From Jason Andrew (highway_west):

This short book is a collection of thoughts and reflections disguised as the personal dictionary of a possibly fictional version of the author. I found it very intriguing. I’ve read through it twice and skimmed it several times since then.

Warning: this book is NOT a speculative work as most of Peek’s other fiction such as Black Sheep. In theory, we’re reading about the man who has been nowhere, done nothing, and met nobody. However, this book is about truth and point of view. How much does the truth really matter when it comes to the writers? Does it matter if these stories about Peek’s life actually happened? Sly entries about JT LeRoy, Helen Demidenko, and other literary frauds are peppered through out the book. Is this entire book a fake-out? The real fun comes from trying to separate the lies from the truth and exploring the idea that maybe truth can be personal as well as universal.

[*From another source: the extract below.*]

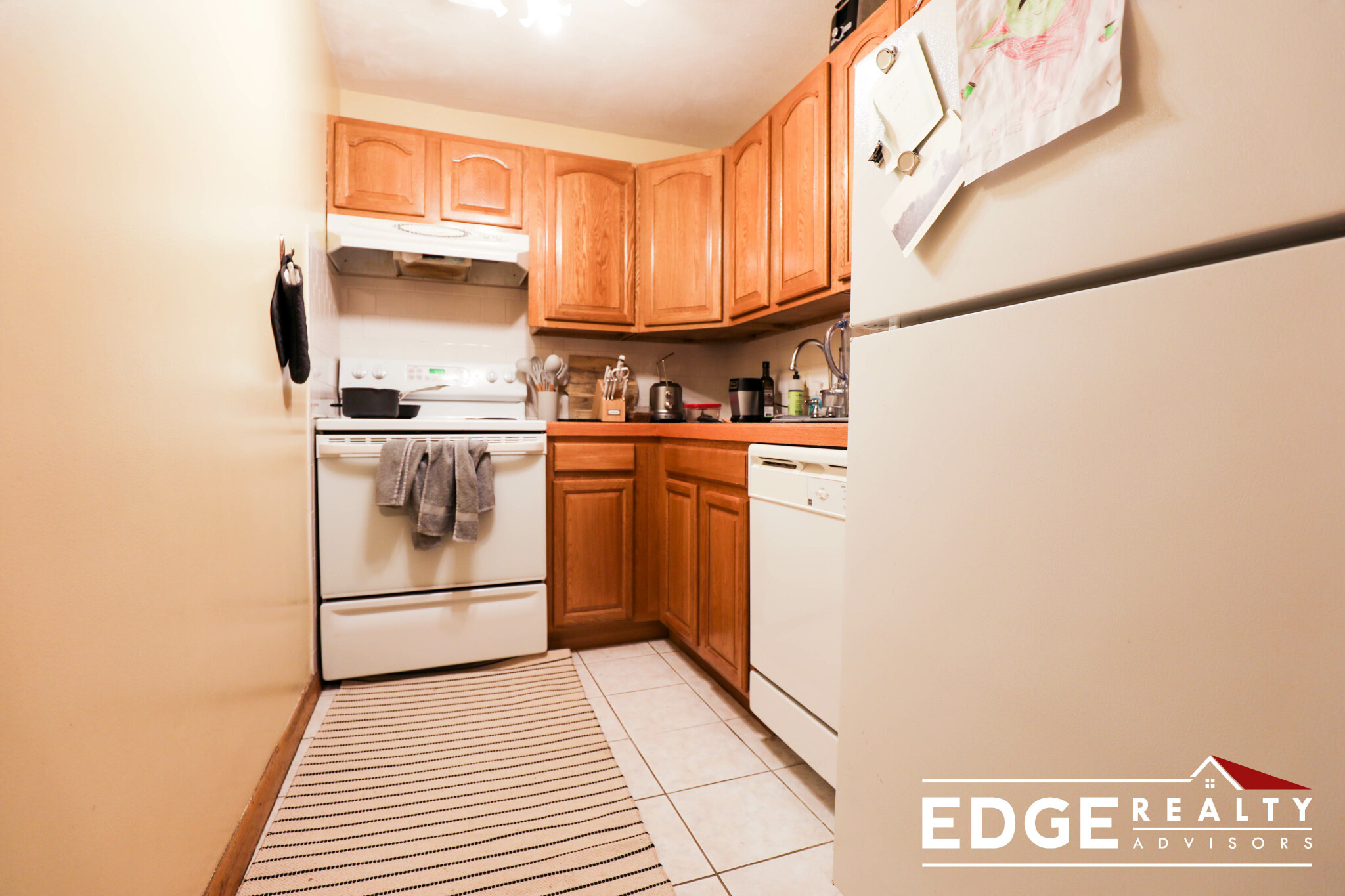 1 bed, 1 bath apartment for rent at 35 Glencoe St Unit 42, Brighton — photo 3 of 8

My favorite entry was about a classroom of children that sang a racist song to a Hindi teacher and the guilt that the writer felt afterwards. I wasn’t familiar with the product references, I presume it is an Australian reference, but the emotions were spot on. In the end, I didn’t care if the entries were completely true. Certainly my gut felt they were true and that is the highest praise one can give to any book.

The other week I came across a blog entry of someone in Queensland trying to get 26lies into a University course. How cool is that?

Obviously, we're, like, a cult classic now, and you should buy it from Amazon, or buy it from Wheatland Press.

(And this, here, is the write up of the book in the Ziesing Books catalogue: "New Very interesting-like virtually all the stuff from Wheatland. Get this: It began as a blog game: the blogger was to write an entry with ten words that all began with the letter they'd been given by a friend. Peek started working his way through the alphabet. By the time he got several letters into the alphabet Deborah Layne was convinced his stuff was worth a book. Here it is--one of the goofiest darn things you've ever read.")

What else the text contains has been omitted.